# What causes bail to close during cast?



## HuskyMD (May 19, 2000)

Ok, so I grew up using spinning reels. I must admit I primarily use baitcasters, but for night fishing, I use a spinning reel. The other night I got my waders and boots on and headed out onto a jetty and began to cast. I fished for a brief time and made maybe 30 casts. About 6 times the bail shut right at the end of the motion of my cast. I have it aligned correctly when I cast. Is the bail just too loose? Need to tighten it? Twice the braid snapped when the bail closed. Very annoying. I have a new reel I intend to use next time, but I'd like to be able to fix the problem so I can use the same reel in the spring on the rapp.


----------



## don brinson (Apr 8, 2011)

I was thinking spring, but that results in bail not closing all the way,the little latch that catches the bail may be worn.


----------



## JPChase (Jul 31, 2010)

What type of spinning reel is it? Some reels are notorious for closing on the cast. Does it also have the auto close mechanism where the bail closes when you begin to crank the handle? Sometimes the handle may be bumped during the cast causing it to close prematurely. On many reels, there are mods that can be done to make it a manual bail open/close which may help. 

Depending upon the reel, there may be a bailess kit as well if that is something that you might be interested in.


----------



## HuskyMD (May 19, 2000)

It's a Tica. I'm not sure what model. It never used to close on the cast. This just started happening.


----------



## surfchunker (Apr 10, 2006)

I'd say it's a reel problem and not anything on your part


----------



## Carolina Rebel (Aug 25, 2005)

Spinning reels have a return spring that assists in closing the bail, and as was mentioned a little bump during the cast can get the bail started, at which point that spring pulls it on across and it catches your line. Quickest fix is to remove that spring, this will make it a manual bail reel but you should be flipping the bail by hand after the cast anyway.


----------



## HuskyMD (May 19, 2000)

so just remove the spring?


----------



## Carolina Rebel (Aug 25, 2005)

That's it, your bail won't have that positive snap-back anymore, but it won't trip during the cast anymore either. Will be a coil spring under a little cover on one end of the bail, usually about an inch long and maybe 1/8" diameter.


----------



## HuskyMD (May 19, 2000)

That will work. I always flip it back over manually anyways.


----------



## smacks fanatic (Oct 16, 2010)

Husky,
You could quite simply not be opening the bail all the way. I have had that happen to me numerous times. Before casting all ways make sure that the bail is open all the way.


----------



## big brother (May 15, 2002)

I don't use spinners very much, but I was told to always tighten the drag. I do and have never had a problem.
charlie


----------



## HuskyMD (May 19, 2000)

The bail is open all the way. I'm not going to tighten the drag as it's cast, retrieve, cast, retrieve...not going to adjust cast every single cast...


----------



## razor78016 (Dec 24, 2010)

Maybe you're using too much force when casting and the bail closes on you.

Ray.


----------



## fish bucket (Dec 5, 2002)

removing the spring is common practice on most of my spinners(especially ticas)
i manually flip the bail anyway


----------



## HuskyMD (May 19, 2000)

razor78016 said:


> Maybe you're using too much force when casting and the bail closes on you.
> 
> Ray.


 ah, yes, the force is strong with this one.


----------



## dsurf (Aug 5, 2003)

HuskyMD said:


> The bail is open all the way. I'm not going to tighten the drag as it's cast, retrieve, cast, retrieve...not going to adjust cast every single cast...
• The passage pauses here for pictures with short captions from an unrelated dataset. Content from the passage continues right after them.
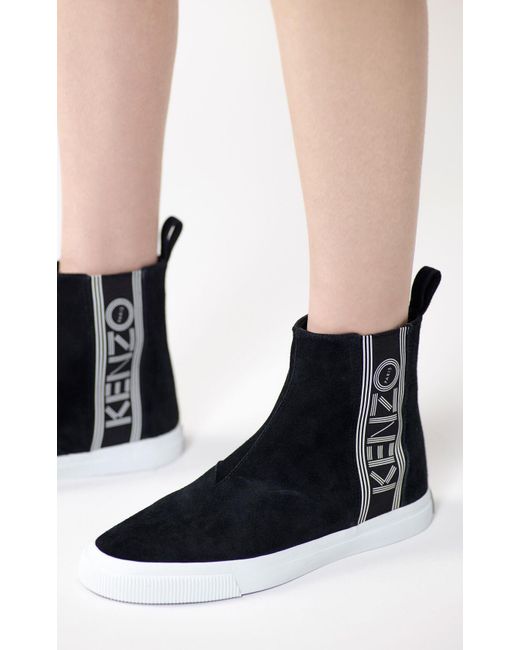 kenzo kapri high top sneakers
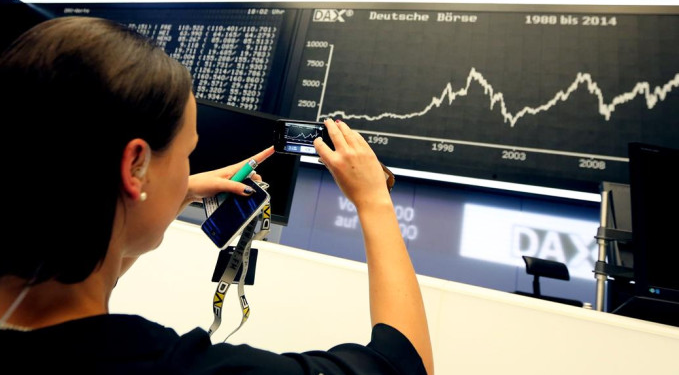Alman borsasında 43 günde 15 rekor!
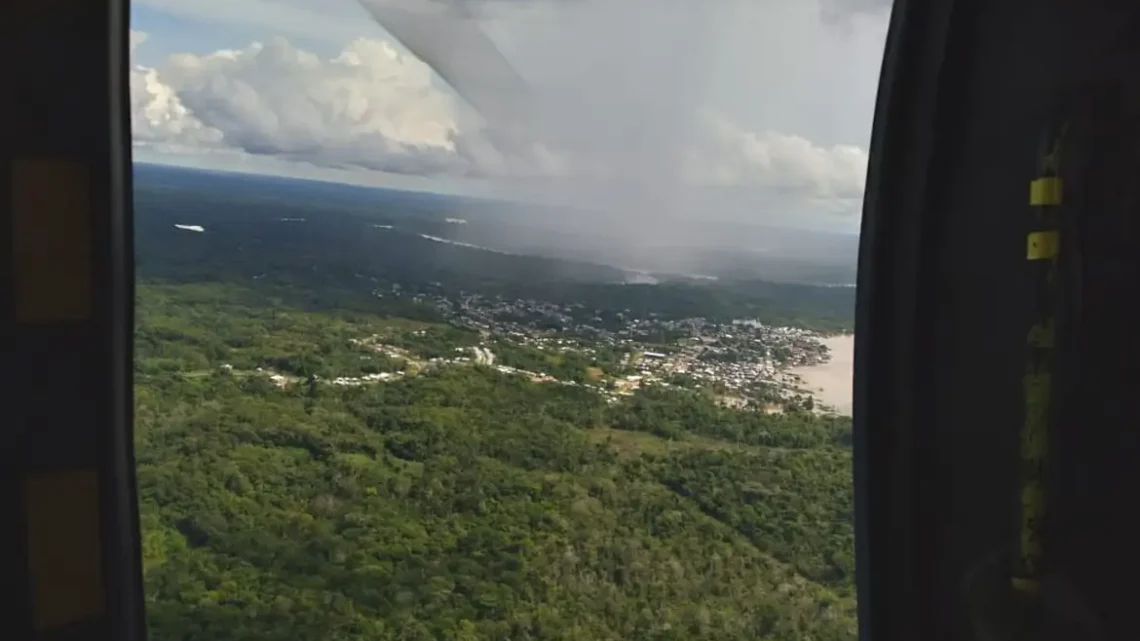 Meio Ambiente: Vale do Javari: seca causa doenças e impede circulação entre aldeias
If you're using any kind of power cast and the drag is not tight, that can create several problems........I always tighten on cast and loosen afterwards.....that's the reason I prefer instant drag (QD) spinners.


----------



## ReelinRod (May 29, 2003)

On internal trip reels make sure the handle is pointing at the butt of the rod. If it is in any other position the fast forward movement of the cast and then the sudden stop advances the handle and trips the bail.


----------



## gman1253 (Nov 9, 2008)

Actually -- you don't want to remove the spring you want to remove the trip lever if possible. Keeping the spring without the trip lever keeps tension on the bail to keep it closed. You manually just flip the bail. I've done this on my Slammers, Stradics, Tica Scepters for surf casting. The part you need to take out depends on the reel, look at the schematic.


----------



## HuskyMD (May 19, 2000)

thanks Gman, where in CT are you? I grew up in Canton (near Avon and Simsbury).


----------



## solid7 (Dec 31, 2010)

Here is something that has not yet been put forth...
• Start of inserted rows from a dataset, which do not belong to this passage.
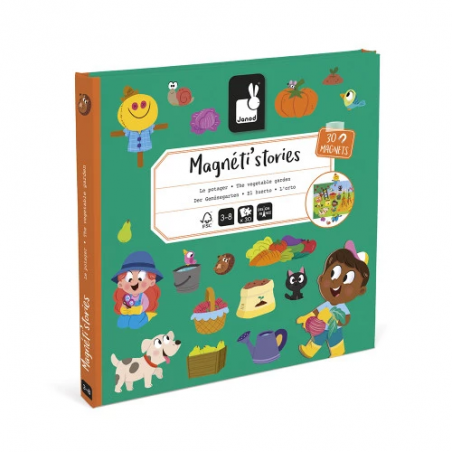 Magnéti' stories | Le potager - Janod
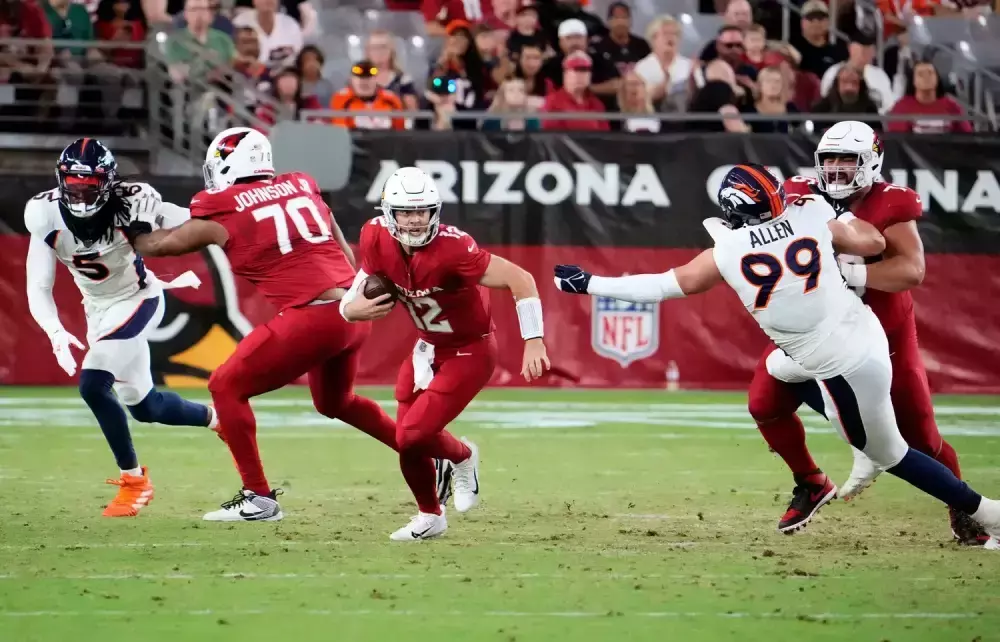 Cardinals vs Broncos Over/Under NFL Predictions 8/25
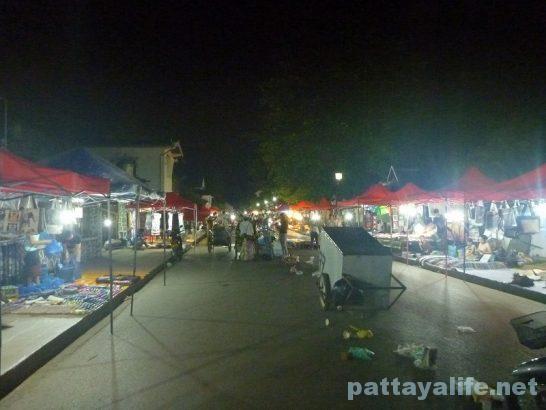 Luangprabang night market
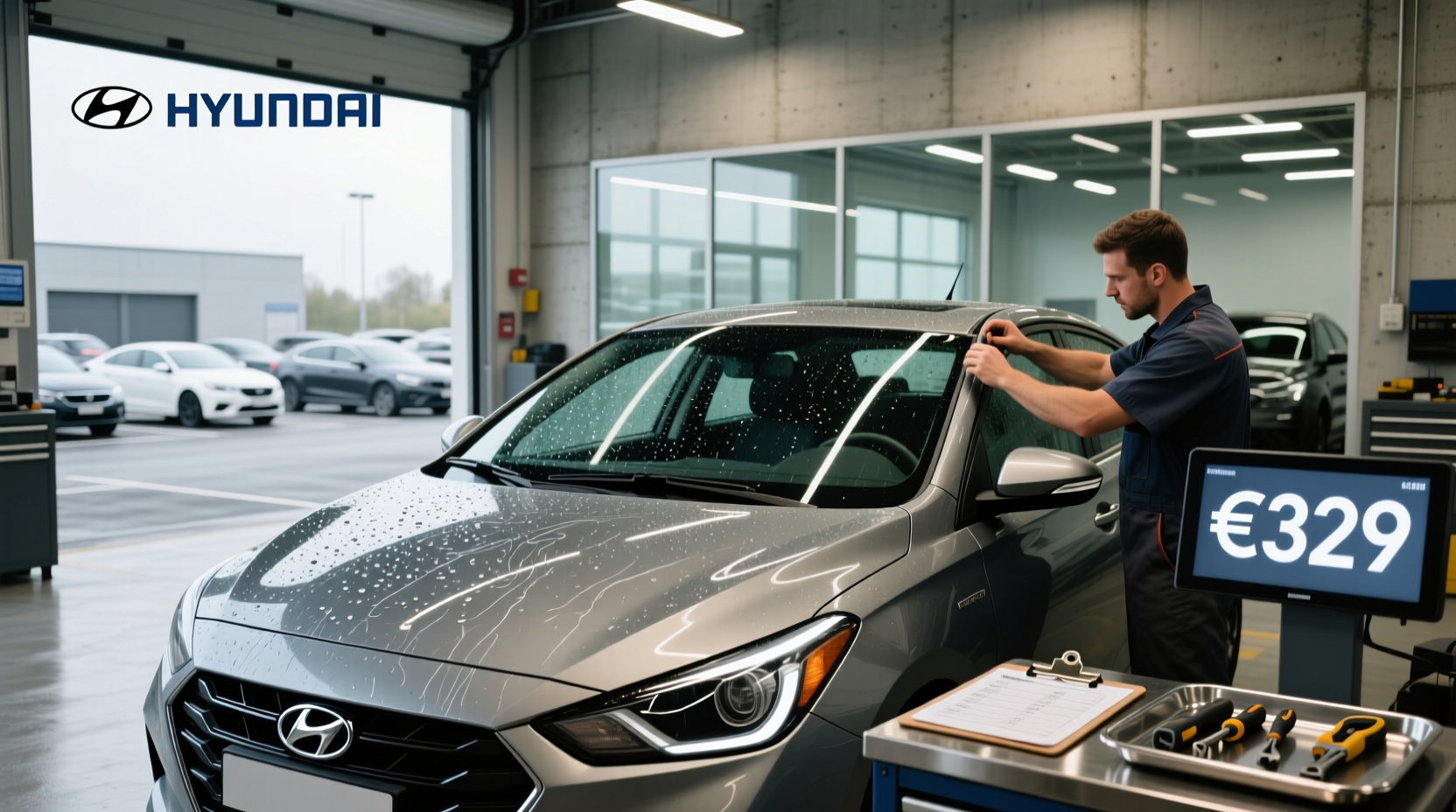 How Much Does a Hyundai Accent Windscreen Cost to Replace?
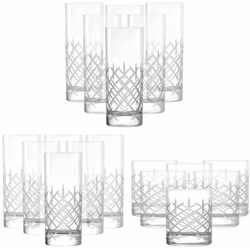 Stölzle Lausitz New York Bar Club Bargläser 18er Set Gläser 18 ct 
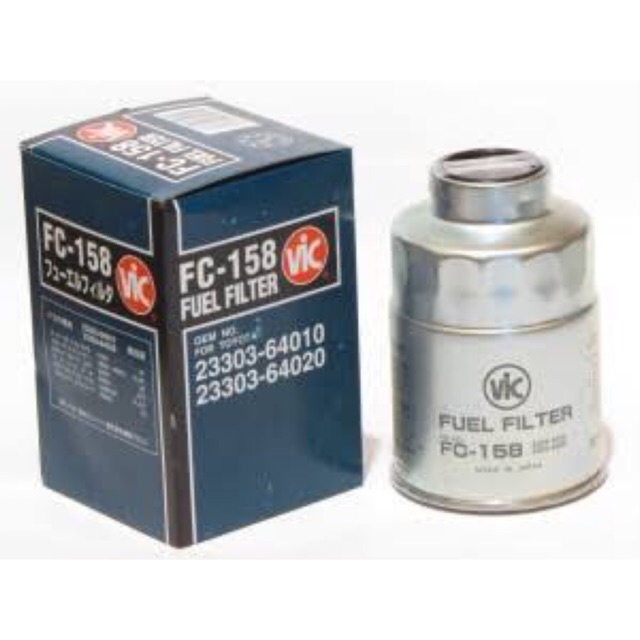 Vic Fuel Filter Fc158 Mazda Bt50/ Cx5/Ford Everest/ Ranger/Toyota Fx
You mentioned that you are using braid. Some braid is very limp, and will spool off very fast - especially when you get any sort of mis-spool (?) on the retrieve. (loops) Is it possible that your braid came off quickly, (faster than the weight started out) and then when the slack came out, may have tripped your bail?

I know that sounds strange, but I've had this happen to me. Especially when I tried using a weight that was heavier than the rod specifications. (hey, I was desperate, and fishing with what I had available...)


----------



## HuskyMD (May 19, 2000)

I responded to you solid7 but don't see it on the thread so I'll try again. I was using a 7' Daiwa Emblem surf rod and was throwing a 3/4 ounce jig with a 4" shad body. The rod is rated I think from .5 to 1.5 ounces. There was a strong wind blowing in the direction I was casting and the line was coming off quickly. I guess that could have been happening, not really sure.


----------



## AtlantaKing (Jul 7, 2002)

The bail trip, not the bail spring, needs to be removed. The force of the handle turning when you're making the cast is probably what's causing the rotor to turn, which, in turn causes the bail trip to be tripped, thereby closing the bail. Removing the bail trip will render the bail closing not automatic, but would never close inadvertently.


----------



## greg12345 (Jan 8, 2007)

I remove the bail trip (not the spring) on my surf spinning reels and never have a problem with bail prematurely snapping closed...takes a scredriver and 2 minutes of your time.


----------



## mbg60 (May 11, 2008)

With the bail open, turn the rotor until it can't go any further....rests at the spot right before the bail will close. This will stop the inertia generated by the cast from making the rotor spin and causing the bail to close when hitting the bail trip mechanism.


----------



## Jersey Hunter (Jul 26, 2009)

mbg60 said:


> With the bail open, turn the rotor until it can't go any further....rests at the spot right before the bail will close. This will stop the inertia generated by the cast from making the rotor spin and causing the bail to close when hitting the bail trip mechanism.


Bingo!!!!!!


----------



## RuddeDogg (Mar 20, 2004)

I had the same issue with the Daiwa Bait & Run. The bail wasn't opening up all the way. Hit up Daiwa and they said they were aware of the problem. They also said that being that the reel was new, it would be stiff. After using them, as I have two, they broke it just fine and work great.


----------



## rattler (Jul 3, 2004)

mbg60 said:


> With the bail open, turn the rotor until it can't go any further....rests at the spot right before the bail will close. This will stop the inertia generated by the cast from making the rotor spin and causing the bail to close when hitting the bail trip mechanism.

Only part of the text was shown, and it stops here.